Clarity.CQLExecutionTask¶

Description¶

This is a custom task that allows ClarityNLP to execute CQL (Clinical Quality Language) queries embedded in NLPQL files. ClarityNLP directs CQL code to a FHIR (Fast Healthcare Interoperability Resources) server, which runs the query and retrieves structured data for a single patient. The data returned from the CQL query appears in the job results for the NLPQL file.

The CQL query requires several FHIR-related parameters, such as the patient ID, the URL of the FHIR server, and several others to be described below. These parameters can either be specified in the NLPQL file itself or supplied by ClarityNLP as a Service.

Documentsets for Unstructured and Structured Data¶

ClarityNLP was originally designed to process unstructured text documents. In a typical workflow the user specifies a documentset in an NLPQL file, along with the tasks and NLPQL expressions needed to process the documents. ClarityNLP issues a Solr query to retrieve the matching documents, which it divides into batches. ClarityNLP launches a separate task per batch to process the documents in parallel. The number of tasks spawned by the Luigi scheduler depends on the number of unstructured documents returned by the Solr query. In general, the results obtained include data from multiple patients.
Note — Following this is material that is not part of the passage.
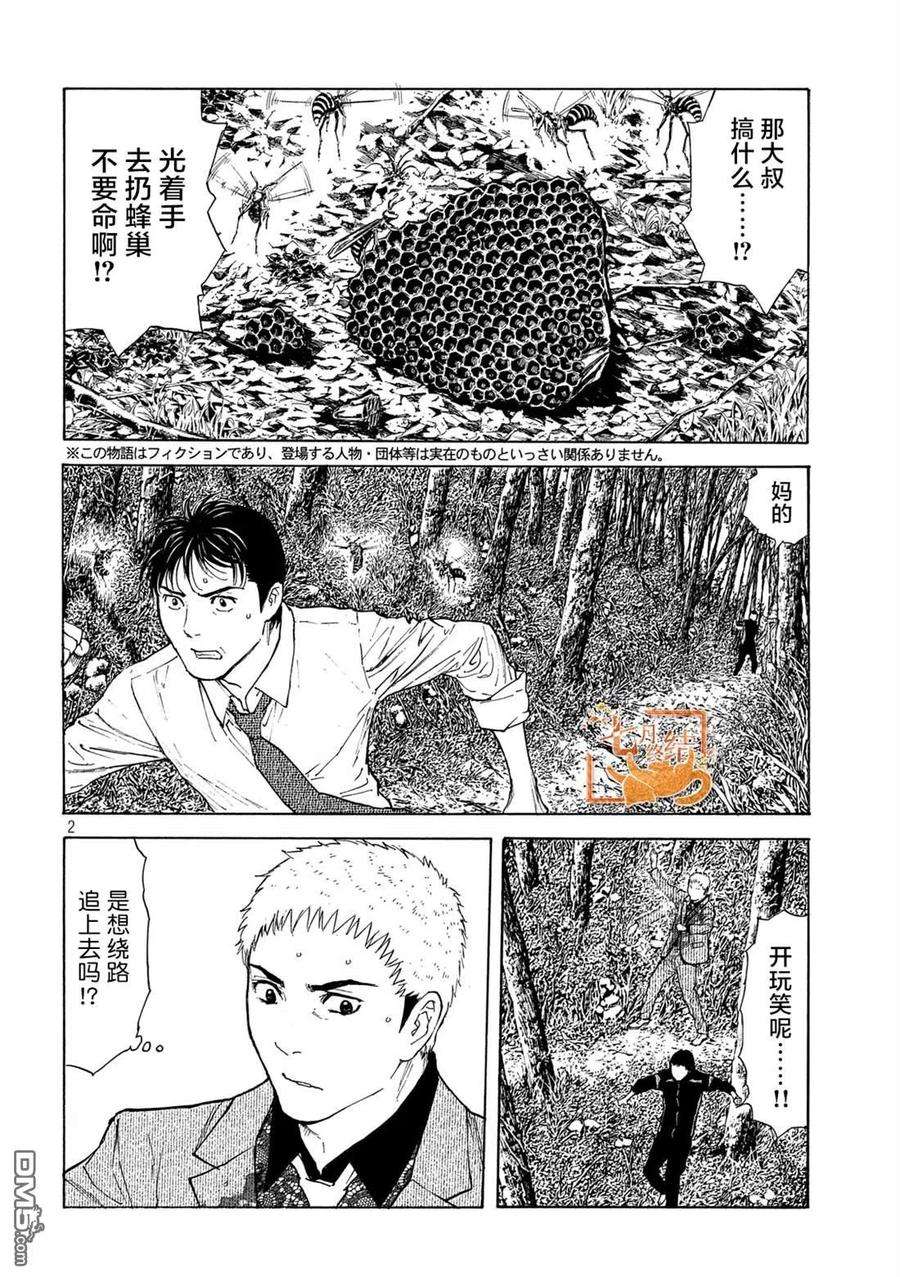 MY HOME HERO112话 灵机一动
ClarityNLP can also support single-patient structured CQL queries with a few simple modifications to the documentset. For CQL queries the documentset must be specified in the NLPQL file so that it limits the unstructured documents to those for a single patient only. FHIR is essentially a single-patient readonly data retrieval standard. Each patient with data stored on a FHIR server has a unique patient ID. This ID must be used in the documentset statement and in the Clarity.CQLExecutionTask body itself, as illustrated below. The documentset specifies the unstructured data for the patient, and the CQL query specifies the structured data for the patient.

Relevant FHIR Parameters¶

These parameters are needed to connect to the FHIR server, evaluate the CQL statements, and retrieve the results. They can be provided directly as parameters in the CQLExecutionTask statement (see below), or indirectly via ClarityNLPaaS:

Parameter	Meaning
cql_eval_url	URL of the FHIR server’s CQL Execution Service
patient_id	Unique ID of patient whose data will be accessed
fhir_data_service_uri	FHIR service base URL
fhir_terminology_service_endpoint	Set to `Terminology Service Endpoint`
fhir_terminology_service_uri	URI for a service that conforms to the FHIR Terminology Service Capability Statement
fhir_terminology_user_name	Username for terminology service authentication
fhir_terminology_user_password	Password for terminology service authentication

The terminology user name and password parameters may not be required, depending on whether or not the terminology server enforces password authentication.

Time Filtering¶

This task supports a time filtering capability for the CQL query results. Two optional parameters, time_start and time_end, can be used to specify a time window. Any results whose timestamps lie outside of this window will be discarded. If the time window parameters are omitted, all results from the CQL query will be kept.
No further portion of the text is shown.